◆ INFORMATION PROVIDED
————————

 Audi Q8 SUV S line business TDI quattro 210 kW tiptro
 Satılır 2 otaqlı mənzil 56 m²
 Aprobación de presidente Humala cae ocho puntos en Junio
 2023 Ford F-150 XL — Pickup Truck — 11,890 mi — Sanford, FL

————————

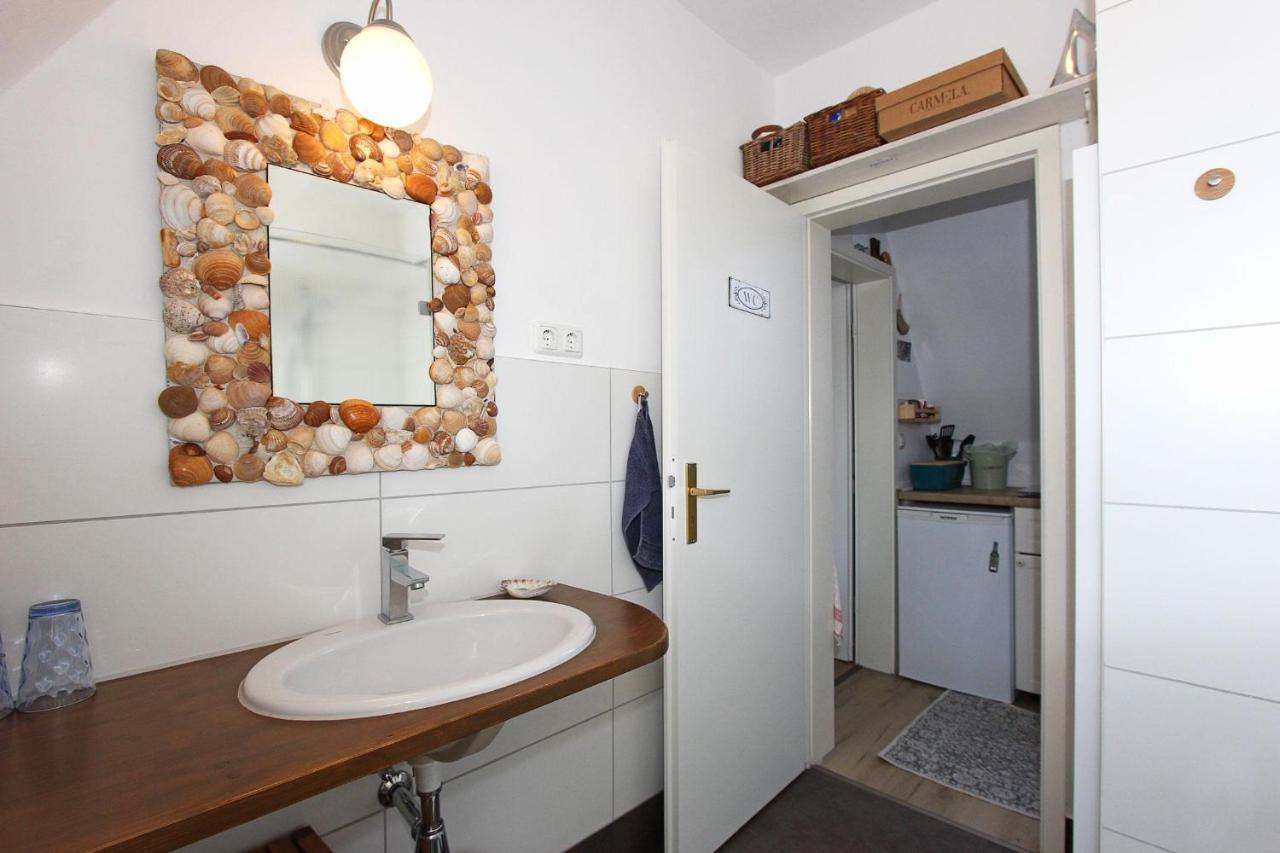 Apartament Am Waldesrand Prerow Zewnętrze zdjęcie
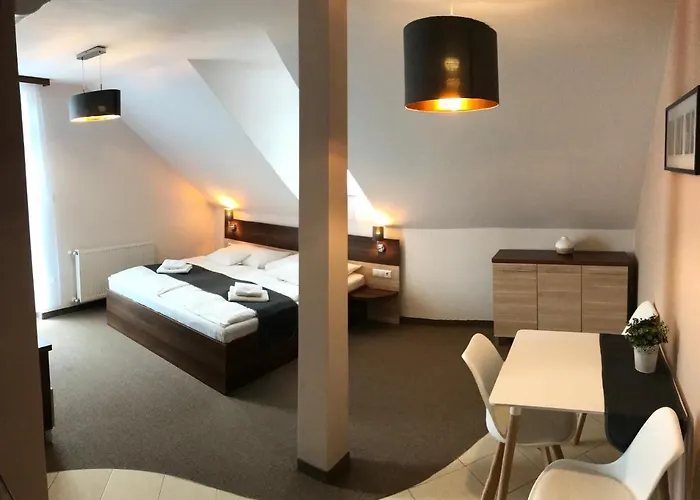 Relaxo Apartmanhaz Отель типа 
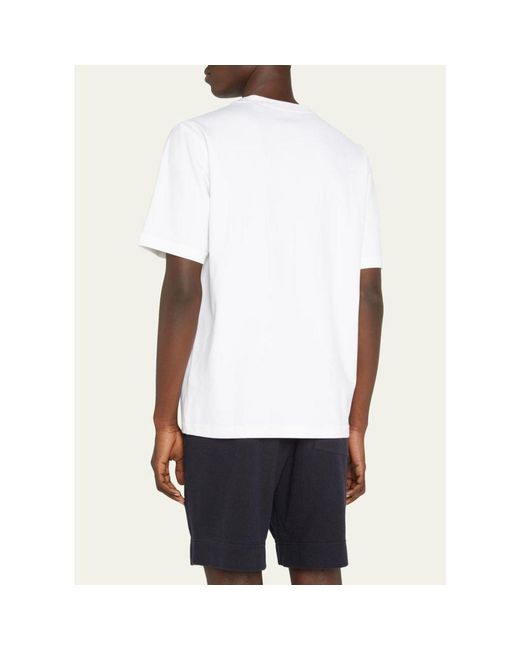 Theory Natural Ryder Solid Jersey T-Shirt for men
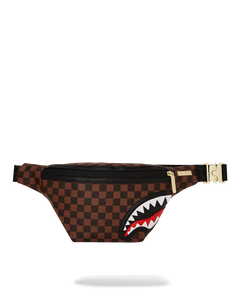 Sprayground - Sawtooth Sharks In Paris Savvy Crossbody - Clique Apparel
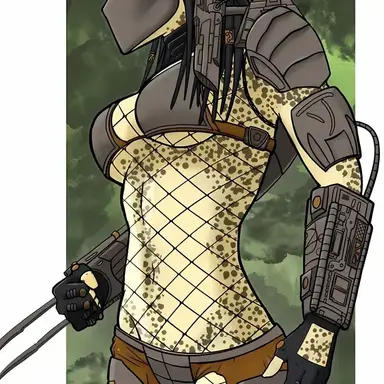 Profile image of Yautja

————————

◆ EXERCISE DESCRIPTION
From the records above, copy out the line with "Satılır 2 otaqlı mənzil 56 m²", the line with "2023 Ford F-150", and every line between them, word for word.

◆ RESPONSE TO THE TASK
 Satılır 2 otaqlı mənzil 56 m²
 Aprobación de presidente Humala cae ocho puntos en Junio
 2023 Ford F-150 XL — Pickup Truck — 11,890 mi — Sanford, FL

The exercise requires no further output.